** Opening Information supplied block **

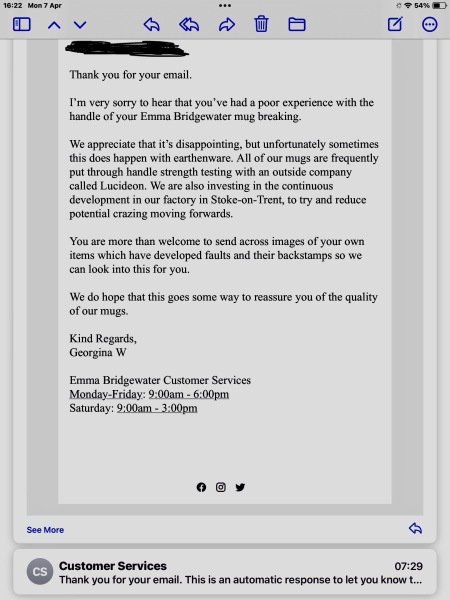 Emma Bridgewater mug handles keep dropping off!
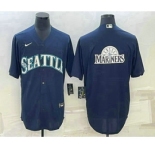 Men's Seattle Mariners Big Logo Navy Blue Stitched MLB Cool Base Nike Jersey
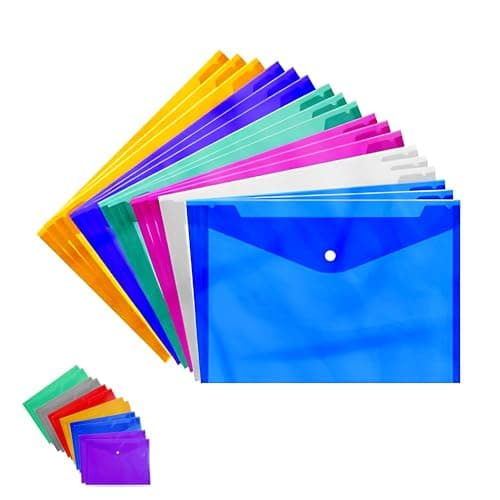 AIBULO Pack of 10 A5 Popper Wallets – Assorted Colour Plastic Document Folders for School, Office & Home – Compact A5 File Wallets for Notes, Receipts & Paperwork Organisation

** Closing Information supplied block **

- What this task involves: Without the pictures, output the full listing exactly as it stands.

- Response to this task:
 Emma Bridgewater mug handles keep dropping off!
 Men's Seattle Mariners Big Logo Navy Blue Stitched MLB Cool Base Nike Jersey
 AIBULO Pack of 10 A5 Popper Wallets – Assorted Colour Plastic Document Folders for School, Office & Home – Compact A5 File Wallets for Notes, Receipts & Paperwork Organisation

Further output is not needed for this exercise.